Records shown: Begin
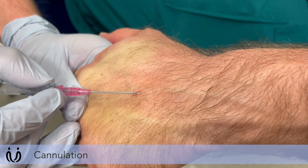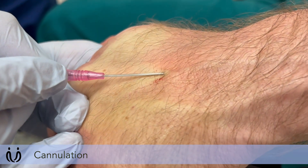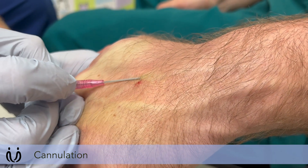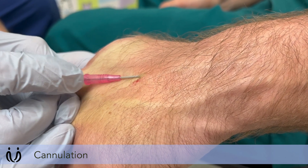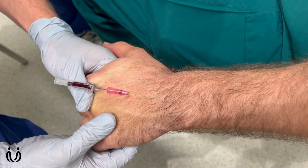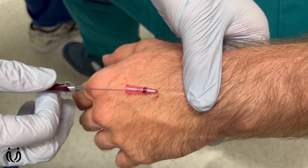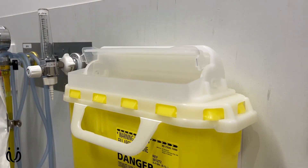Being careful not to touch the same area again, coming in at about a 20 to 30 degree angle. Sometimes it just requires a bit of repositioning. There's some flashback there — advancing the cannula. I'm going to release the tourniquet so it doesn't bleed back too far, place my finger proximal to where the catheter is inside the vein, then remove the sharp and place that in the sharps container.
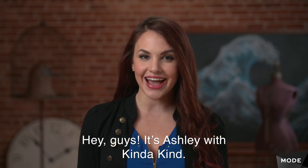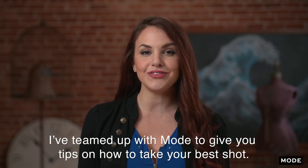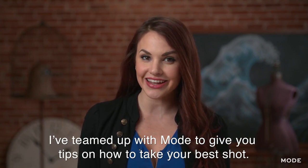Hey guys, it's Ashley with Kinda Kind. I've teamed up with Mode to give you tips on how to take your best shot.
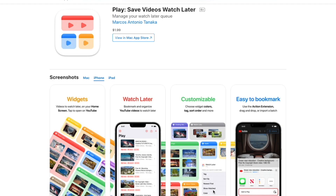Play is an awesome app and probably one of my favorites right now. It allows you to bookmark YouTube videos on your iPhone 13 mini so you can watch them at a later time. This feature was already available on the YouTube platform, but there hasn't been a dedicated app that lets you save YouTube videos to watch when you're free.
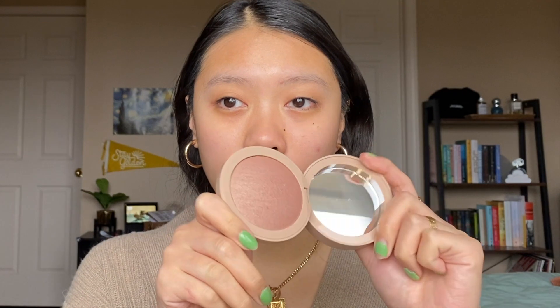Hey everyone, welcome to my channel. My name is Vivian Nguyen. Today we're going to do a full face of M Cosmetics. I just received the collection in the mail, so let's just hop right into it.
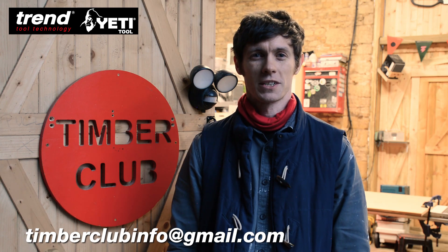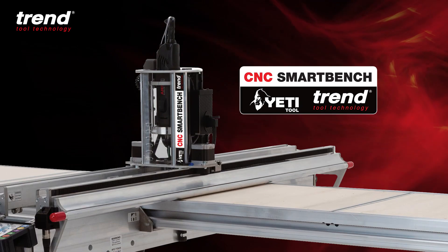Hi there, this is Tom from Timber Club. Just wanted to give you guys an update on how I'm getting on with the Yeti and Trends Smart Bench.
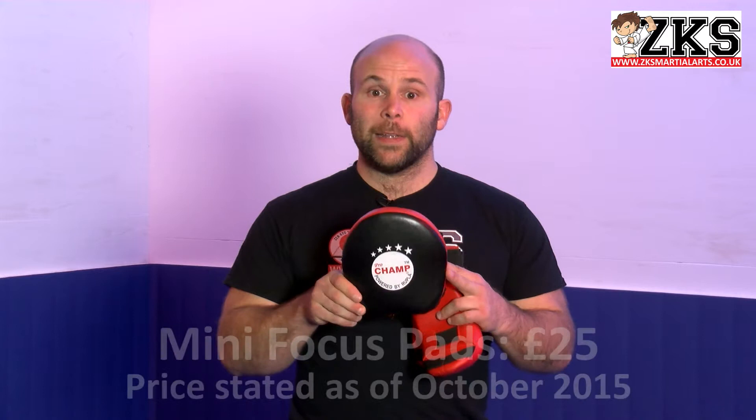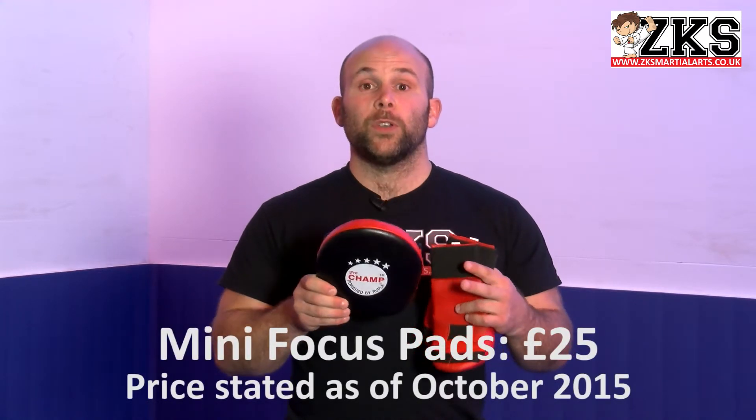Another piece of equipment that's really good for home — focus pads. Focus pads are great for home use. It means that you can actually work with the children at home, and that gives them more practice time outside of class. These mini focus mitts — simply placing your hand like so, you hold them, and then you can obviously use them for their techniques.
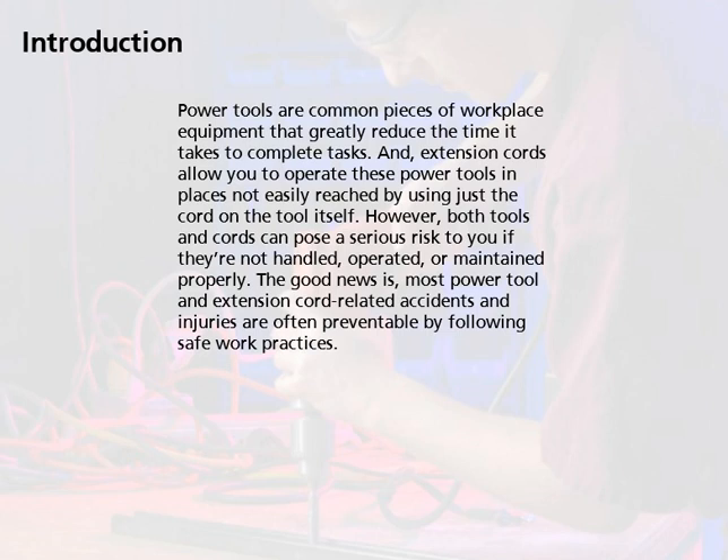However, both tools and cords can pose a serious risk to you if they're not handled, operated, or maintained properly. The good news is, most power tool and extension cord related accidents and injuries are often preventable by following safe work practices.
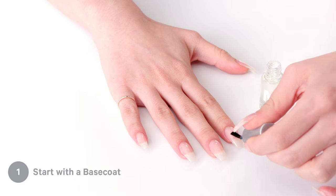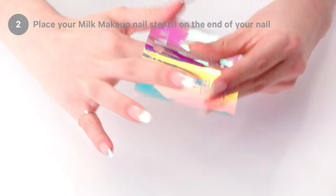Hey, I'm Kayleigh. Let's do silver tips. Step one, base coat. Step two, get your milk makeup nail stencil. Wrap it around your finger.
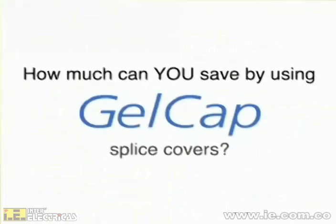Consider the costs of labor, downtime for equipment, and production losses. How much can you save by using Gelcap splice covers? See you next time.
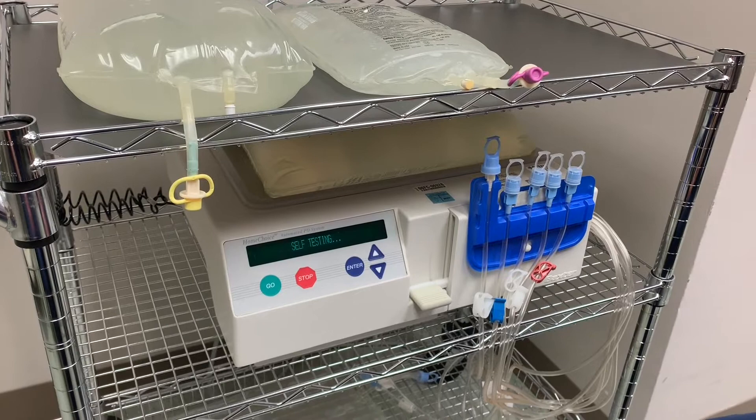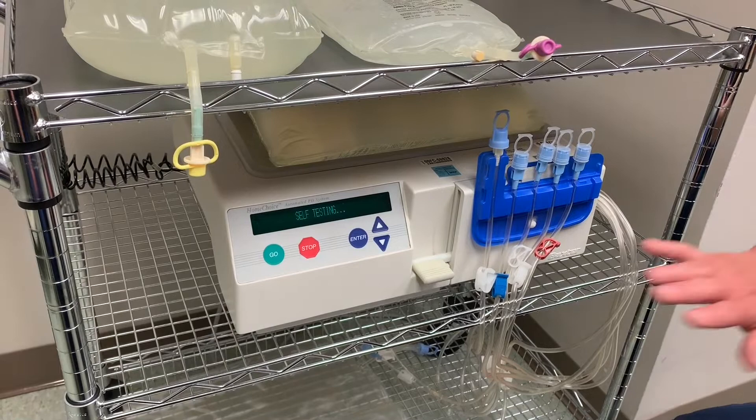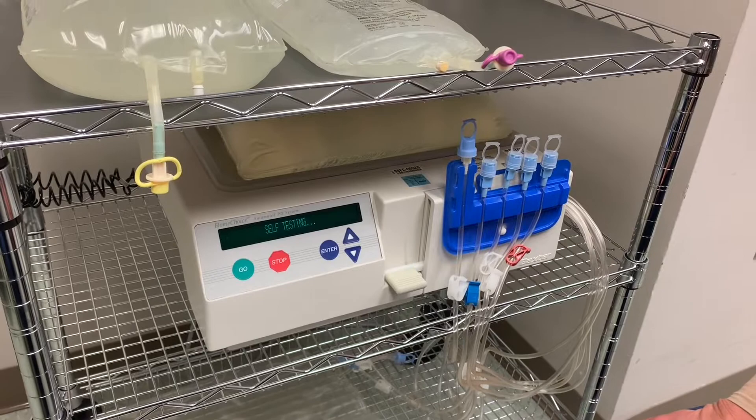Press Go again and the machine will go through self-testing. You'll hear the door tighten and close around the cassette — it's testing the integrity of the cassette to make sure there are no holes in it.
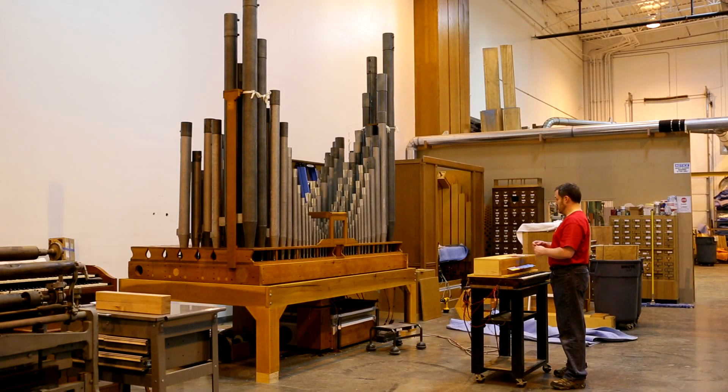We have here the first wind chest, renovated and mostly piped for the rest of the 50 times in the project. This is a great diapason's chest.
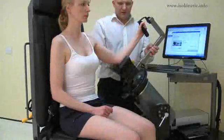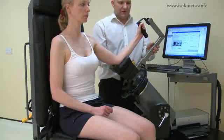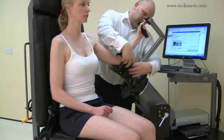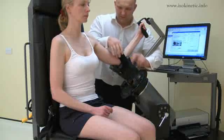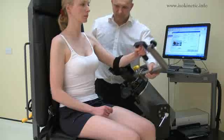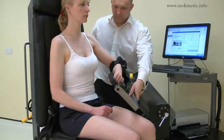Now position the hand grip. Loosen the screw and slide to a comfortable position for the subject. Secure using the screw. Before beginning the test, secure the forearm strap to hold the elbow into the stabilizer. Now check the axis of rotation.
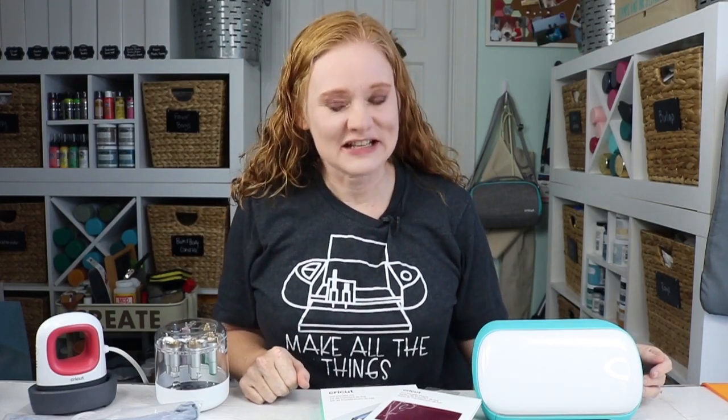Hello and welcome. This is Angie with TheCountryShootCottage.net. Today's video is sponsored by Cricut. However, all projects and opinions are my own.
Records shown: End
The copy should hold only the lines from the one with "Another piece of" through the one with "Hey, I'm Kayleigh.", exactly as they stand above. Leave out the pictures.

Another piece of equipment that's really good for home — focus pads. Focus pads are great for home use. It means that you can actually work with the children at home, and that gives them more practice time outside of class. These mini focus mitts — simply placing your hand like so, you hold them, and then you can obviously use them for their techniques.
However, both tools and cords can pose a serious risk to you if they're not handled, operated, or maintained properly. The good news is, most power tool and extension cord related accidents and injuries are often preventable by following safe work practices.
Hey, I'm Kayleigh. Let's do silver tips. Step one, base coat. Step two, get your milk makeup nail stencil. Wrap it around your finger.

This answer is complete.